The intermediate transformation from norlaudanosine (6) to prestephanine (10) is not entirely clear, and a potential role for the cytochrome P450 enzyme CYP80G2 has been suggested, as CYP80G2 catalyzes the intramolecular C-C phenol coupling of several benzyltetrahydroisoquinolines.[15] Certainly, feeding A. bracteata (±)‑[5′,8‑3H2; 6-methoxy‑14C]-nororientaline generates doubly labeled AA-I; and cleavage of the AA-I methylenedioxy group demonstrates that it arose from the o‑methoxyphenol segment of the nororientaline tetrahydroisoquinoline ring. (±)‑[5′,8‑3H2]‑Orientaline (7) is also incorporated into AA-I, and metabolism of orientaline to prestephanine is known to occur via the proaporphines orientalinone (8) and orientalinol (9) in a Zincke-Suhl-like addition.[16]

Symptoms and diagnosis

Exposure to aristolochic acid is associated with a high incidence of uroepithelial tumorigenesis,[17] and is linked to urothelial cancer.[18][19] Since aristolochic acid is a mutagen, it does damage over time. Patients are often first diagnosed with aristolochic acid nephropathy (AAN), which is a rapidly progressive nephropathy and puts them at risk for renal failure and urothelial cancer. However, urothelial cancer is only observed long after consumption. One study estimated, on average, detectable cancer develops ten years from the start of daily aristolochic acid consumption.[6]

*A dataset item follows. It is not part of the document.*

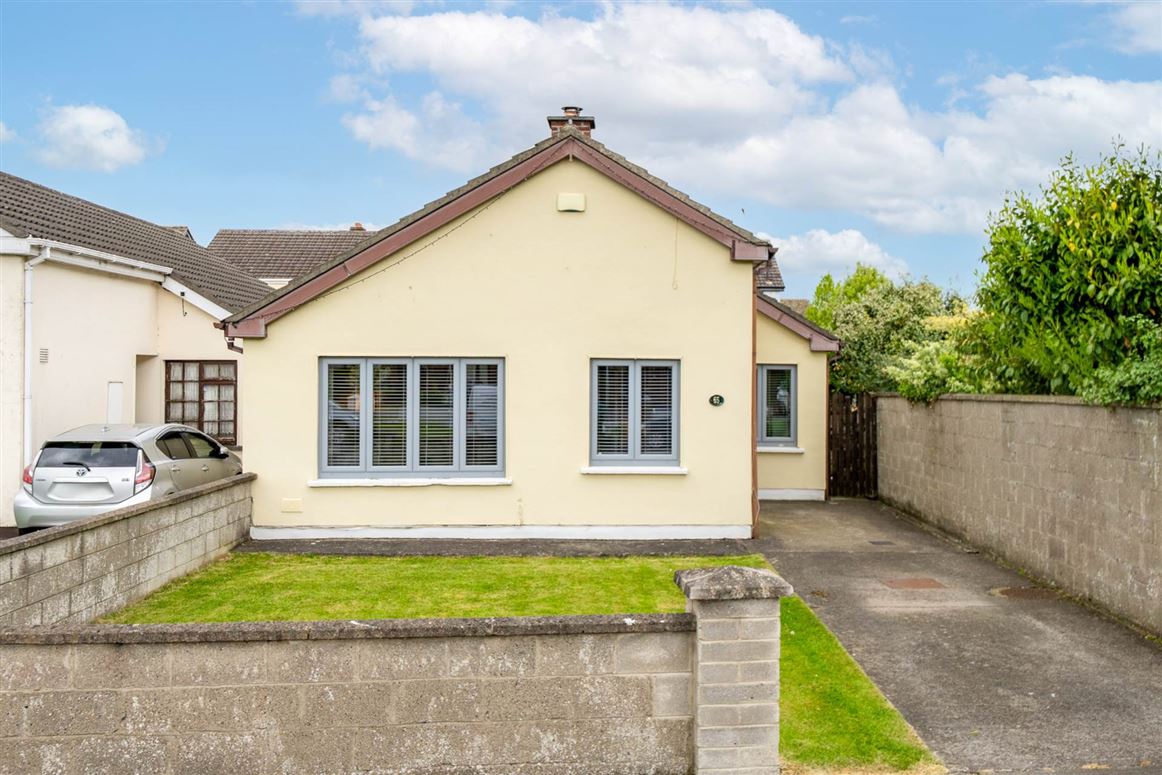65 Huntstown Avenue, Clonsilla, Dublin 15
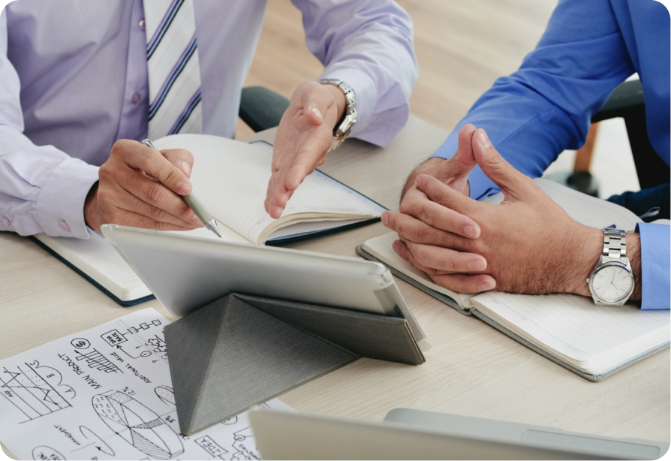 Technology Consulting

A patient thought to have AAN can be confirmed through phytochemical analysis of plant products consumed and detection of aristolactam DNA adducts in the renal cells. (Aristolochic acid is metabolised into aristolactam.) Additionally, mutated proteins in renal cancers as a result of transversion of A:T pairings to T:A are characteristically seen in aristolochic acid-induced mutations. In some cases, early detection resulting in cessation of aristolochia-product consumption can lead to reverse of the kidney damage.[7][20]

Pharmacology

Absorption, distribution, metabolism, and excretion

Once orally ingested, aristolochic acid I is absorbed through the gastrointestinal tract into the blood stream.[7] It is distributed throughout the body via the blood stream.[7]

Aristolactam I has R1=R2=H, R3=OMe; several other related natural products with R groups of H, OH or OMe are known

Aristolochic acids are metabolized by oxidation and reduction pathways, or phase I metabolism. Reduction of aristolochic acid I produces aristolactam I[21] which has been observed in the urine. Further processing of aristolactam I by O-demethylation results in aristolactam Ia, the primary metabolite.[7][22] Additionally, nitroreduction results in an N-acylnitrenium ion, which can form DNA-base adducts, thus giving aristolochic acid I its mutagenic properties.[6][7][22]

Aristolactam I adducts that are bound to DNA are extremely stable; they have been detected in patient biopsy samples taken 20 years after exposure to plants containing aristolochic acid.[23]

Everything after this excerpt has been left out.